Schumann: Concert Sans Orchestre in F minor

 

Florian Uhlig fairly bristles with musicianship, capturing to a remarkable degree Schumann’s fascinating emotional and psychological complexity.

Our rating

4

Published: January 20, 2012 at 4:32 pm

COMPOSERS: Schumann
LABELS: Hanssler
WORKS: Concert sans Orchestre in F minor, Op. 14; Preliminary studies and deleted movements for the Concert sans Orchestre; Fantasie in C, Op. 17
PERFORMER: Florian Uhlig (piano)
CATALOGUE NO: CD 98.603

Florian Uhlig fairly bristles with musicianship, capturing to a remarkable degree Schumann’s fascinating emotional and psychological complexity.

In the elusive and still undervalued F minor Sonata, the impulsive Florestan and the ruminative Eusebius (Schumann’s twin alter egos) rub shoulders so often, and sometimes with such friction, that the effect approaches a kind of pianistic psychoanalysis.
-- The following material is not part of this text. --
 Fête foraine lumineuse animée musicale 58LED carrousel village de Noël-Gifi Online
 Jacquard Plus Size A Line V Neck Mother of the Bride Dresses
Phrasing and articulation are so acutely detailed that we perceive them as through a microscope.

But for one listener at least, for all the outstanding pianism, with its wide dynamic and colouristic range and its emotional immediacy, the detail is sometimes distracting, preventing the big overarching phrases from fully materialising.

The effect is too often improvisatory (in itself no bad thing) rather than symphonic. I felt this intermittently throughout the Sonata – including the middle movement, where the variations emerge as (albeit compelling) beads on a string, lacking sustained organic connection.

More consistently rewarding is the near-unwavering excellence of the great Fantasy, where Uhlig is at the top of his game. In its controlled passion, architectural command and subtlety of inflection this can hold its own against many of the best versions currently available.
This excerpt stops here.